# Introduction to the 'Historical Data Digital Toolkit' (HDDT) # 

# The centres for the emergence of anthropology in Britain 1830 -1870, #
# and the 600 Quakers amongst 3000 institution builders. #

| Jump to: |
|---|
|[My PhD project](#1)|
|[HDDT Objective](#2)|
|[Datasets](#3)|
|[Data Pipeline](#4)|
|[SQLite Database](#5)|
|[Architecture](#6)|
|[Big Data](#7)|

<a id='1'></a>

# 1. My PhD project #

## Subject: ##

My own research, in collaboration with others, has revealed the extensive social connectivity between the roughly 600 members of a ‘Quaker Led Network (QLN)’ and their involvement within a community of  roughly 3000, spread across four organisations in Britain active between 1830 and 1870, which the QLN network helped to set up and staff. I call these, the ‘Centres for the Emergence of Discipline of Anthropology in Britain’ (CEDA).
 
## Question 1: ##

What can be revealed if a historian uses data science to study a large historical community over a long period of time by bringing together and integrating metadata from catalogues, indexes, and genealogical data from different sources?
 
## Methodology: ##

I have designed, built and I am now using a suite of open-source and reproducible relational database technologies and digital analytic tools to visualise and scrutinise the entire community of some 3000 activists over 40 years (1830-1870), picking out the Quakers amongst them so that the community can be explored at both group and individual level. I am able to model the ‘connected’ relationships between the individual members of the CEDA through time, including kinship, education, occupations, locations and organisations.I call my model the Historical Data Digital Toolkit (HDDT).
 
## Question 2: ##
What is the extent of Quaker involvement in the CEDA, over the 40 year time span researched, and was Quaker kinship as socially cohesive as (say) education or occupation amongst the wider community?

<a id='2'></a>


# 2 HTTD Objective #

To enable historians to create a desktop data pipeline by integrating multiple archival data piplines into one SQLite HDDT database. The resulting HDDT data can then be cleaned, viewed, analysed and visualised by using compatible open source software packages. The HDDT is designed to enable historical ordered data to be surveyed, much as an archaeologist might use a variety of technologies to survey a territorial site of historical interest. The HDDT is not a tool for finding individual or even several items in an archive.
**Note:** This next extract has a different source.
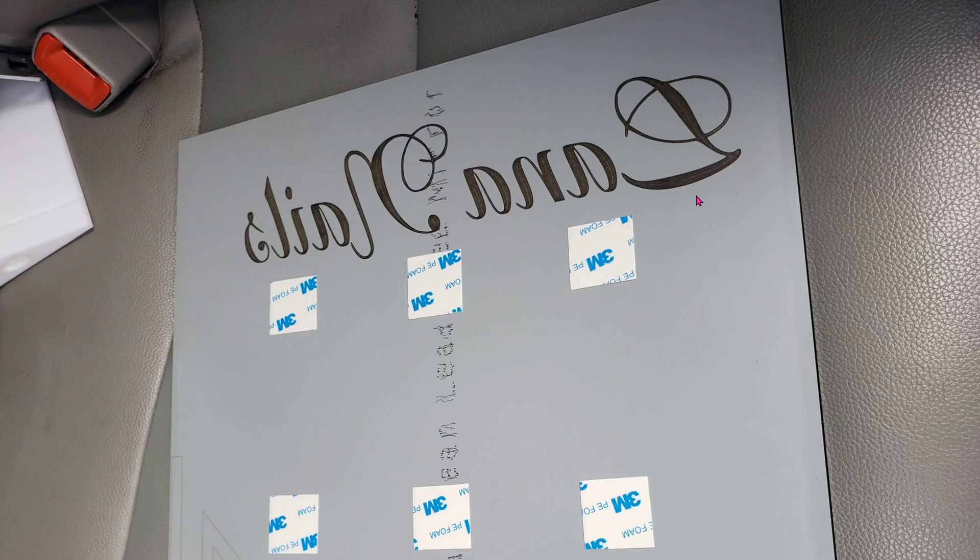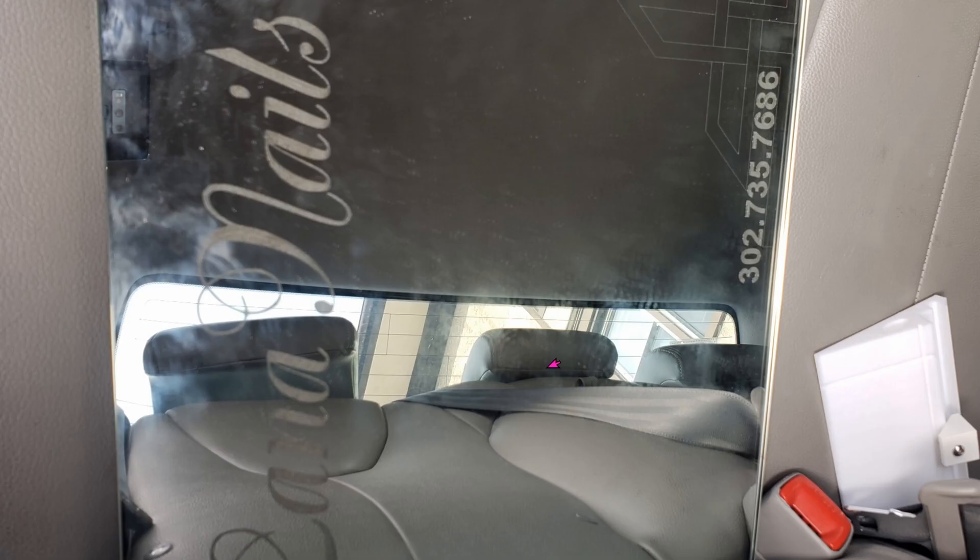I forgot to take a picture of the mirror once it's done off the laser engraver, but here it is in the back of the mirror exactly as you saw earlier in Lightburn. I added the phone number later on but you get the point. And here's the result in the front on delivery day to the client.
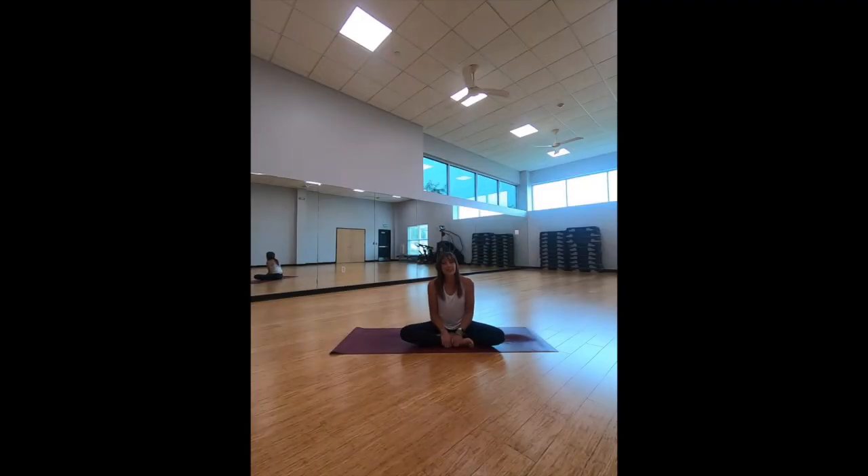Hey everyone, thank you for joining me in this yoga video — Less For Yoga. I appreciate your time and effort. I just want to say remember to listen to your body, modify and extend as you see fit. It's fun being back in my studio that I teach in regularly — this is a different view than most of my other videos. Just remember: listen to your body, modify as needed, extend as needed.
The HDDT constitutes a new approach to digital and nineteenth century history with the use of data science techniques deployed to the study of ordered historical data. 
Exponential population growth in the nineteenth century combined with a cultural, disciplined  and extensive interest in collecting, cataloguing and preserving historial artefacts and manuscripts, offers to the historian an opportunity to study communities and whole societies en masse.
The historical archives of the nineteenth century are often very large (and are immense when viewed collectively), they are too big to be surveyed by the naked eye or even by using 'office' based technologies. Nonetheless they offer rich sources of ordered data sets (organised, catalogued and frequently cross-referenced to each other).
Further more, archived nineteenth century manuscripts frequently include within them ordered data items including surveys, lists and indexes. These are a rich source of historical data. Data science is now capable of handing odereded historical data on large scales, it is time to devise a way for digital historical data to be studied in and of itself, free of narratology and capable of including mass data. In the past, historical research in the archive was largely limited to using search engines to 'narrow down' from the whole of the collection to a discrete set of manuscripts or artefacts to produce a manageble handfull of items capable of study by a few visits (usually) by one historian to an archive.
This approach is still immensely valuabe but when looking at the modern period, it is insufficient, because it leaves too much unaccounted for, leaves too many ignored and uses a torch where a lighthouse is needed.
The HDDT addresses this need and provides a satisfactory way of studying mass data.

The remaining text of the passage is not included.